══ Material provided

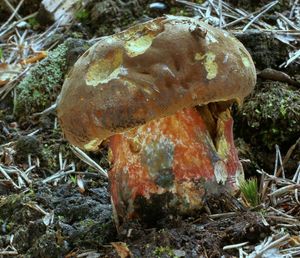 Klikni pro velký obrázek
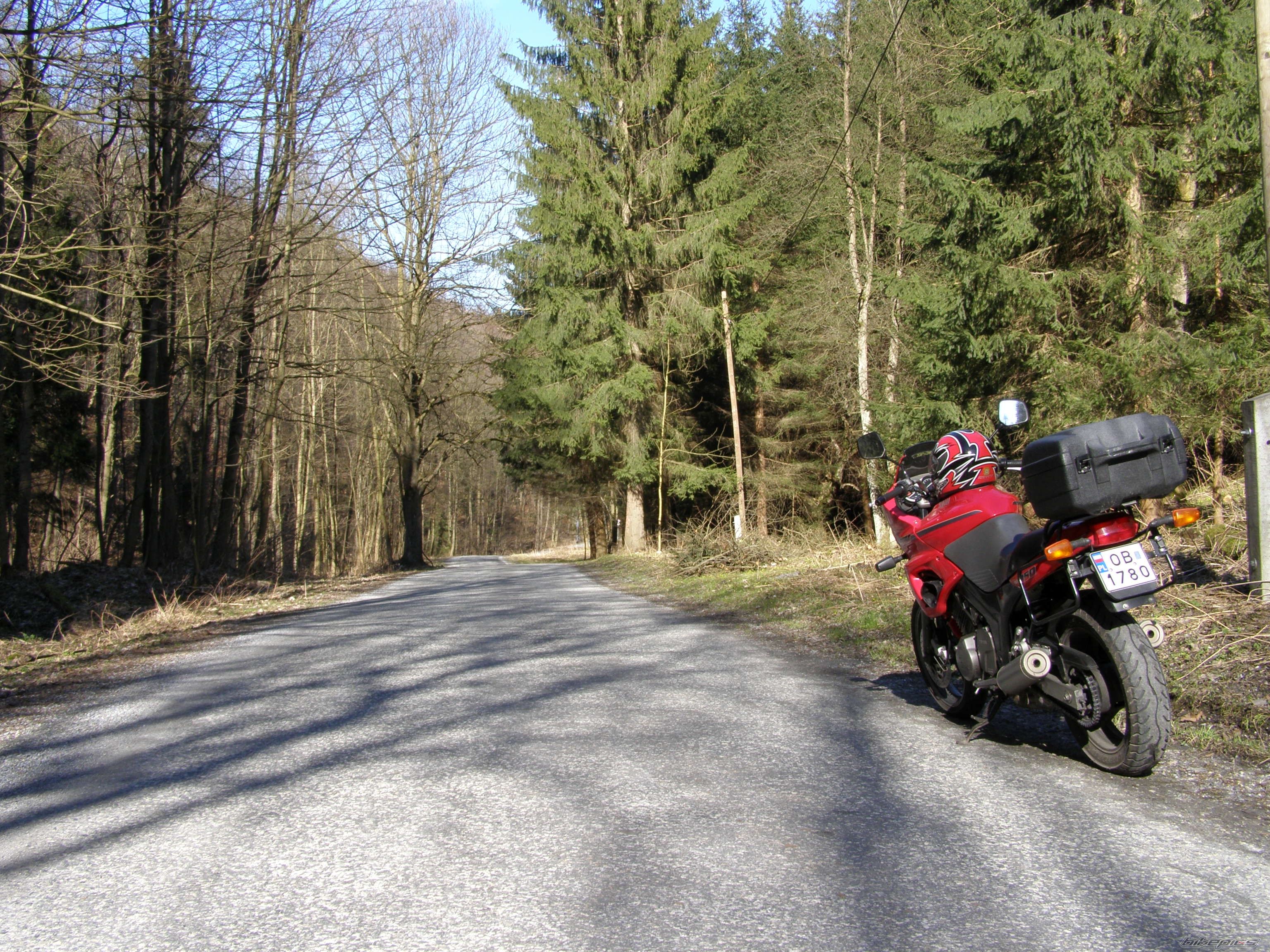 Photo 1217622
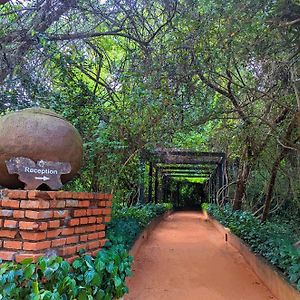 Pinthaliya Resort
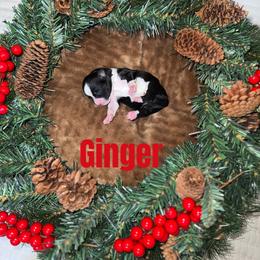 Ginger - Black tri female Miniature American Shepherd puppy in Minden, Louisiana from Ironwood Creek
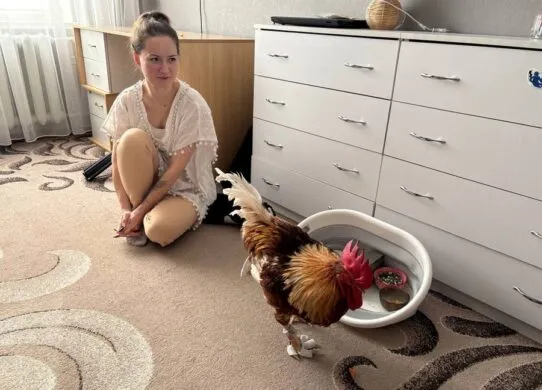 Житомирянка живе у квартирі разом із півнем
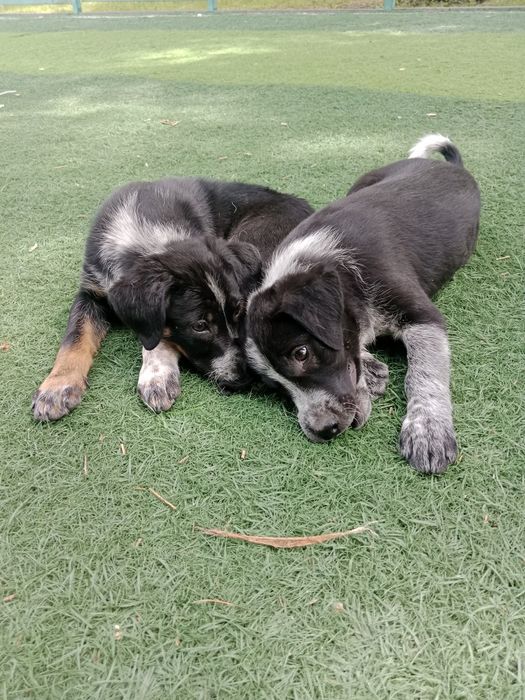 Собачки в поисках дома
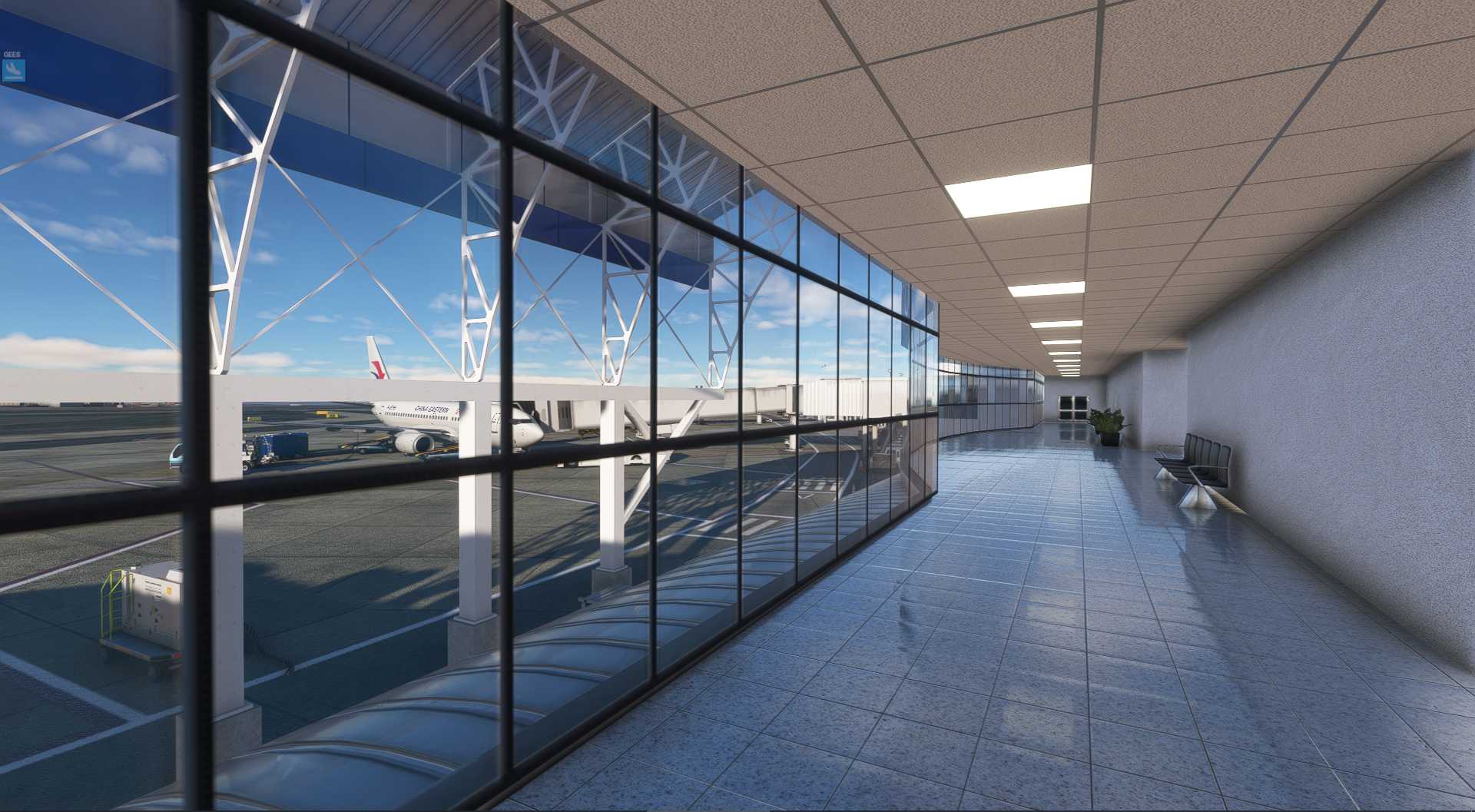 MSFS20  SLLP--SCFA-3654 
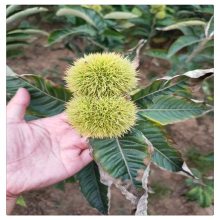 3公分板栗苗批发 3公分板栗树苗价格 润景大红袍板栗基地
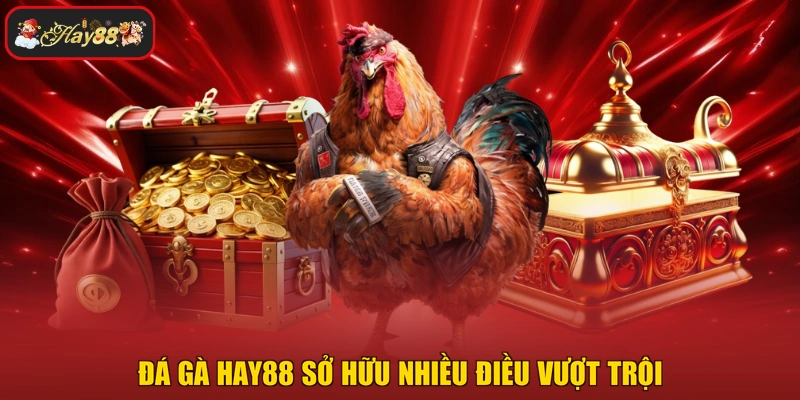 Đá gà HAY88 sở hữu nhiều điều vượt trội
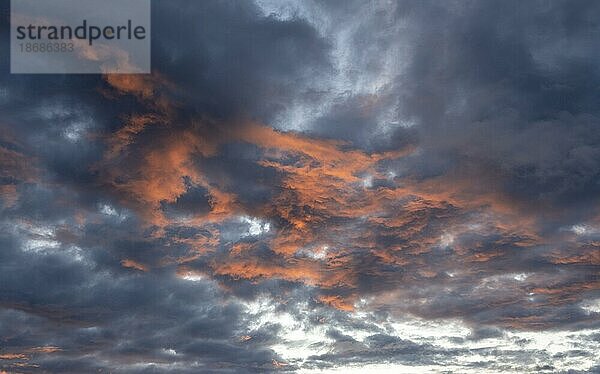 Dramatische Wolken bei Sonnenuntergang  Bodø  Nordland  Norwegen  Europa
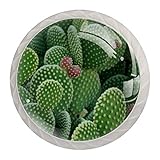 Kaktus-Knäufe für Küchenschrank, rund, Heimdekoration, Schrank, Schubladen, Kommode, Ziehgriff, 4 Stück (weißer Griff)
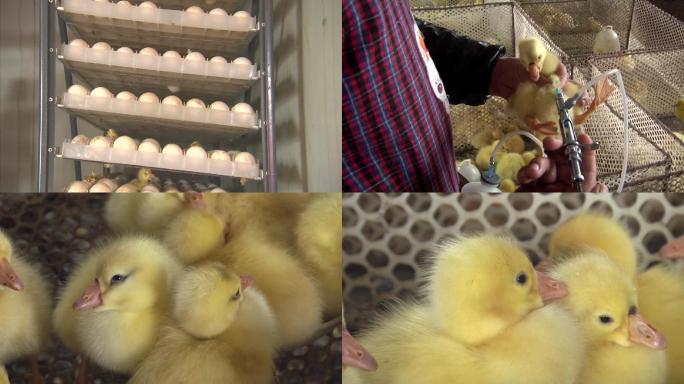 孵化室 鹅蛋 孵化 小鹅外观 注射疫苗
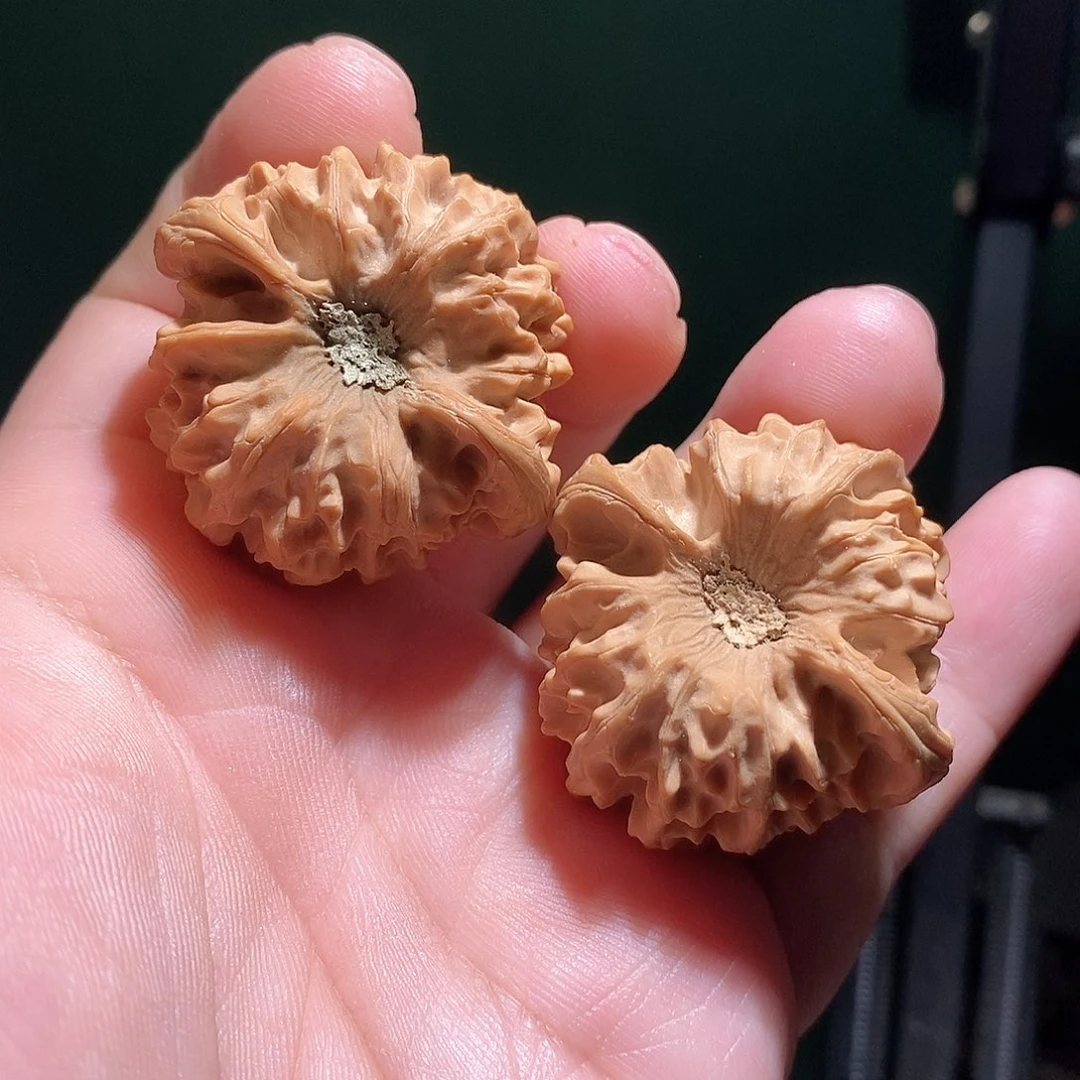 把件文玩核桃39龙门涧全品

════

Without the pictures, give all the records above again exactly.

- Solution to this exercise:
 Klikni pro velký obrázek
 Photo 1217622
 Pinthaliya Resort
 Ginger - Black tri female Miniature American Shepherd puppy in Minden, Louisiana from Ironwood Creek
 Житомирянка живе у квартирі разом із півнем
 Собачки в поисках дома
 MSFS20  SLLP--SCFA-3654 
 3公分板栗苗批发 3公分板栗树苗价格 润景大红袍板栗基地
 Đá gà HAY88 sở hữu nhiều điều vượt trội
 Dramatische Wolken bei Sonnenuntergang  Bodø  Nordland  Norwegen  Europa
 Kaktus-Knäufe für Küchenschrank, rund, Heimdekoration, Schrank, Schubladen, Kommode, Ziehgriff, 4 Stück (weißer Griff)
 孵化室 鹅蛋 孵化 小鹅外观 注射疫苗
 把件文玩核桃39龙门涧全品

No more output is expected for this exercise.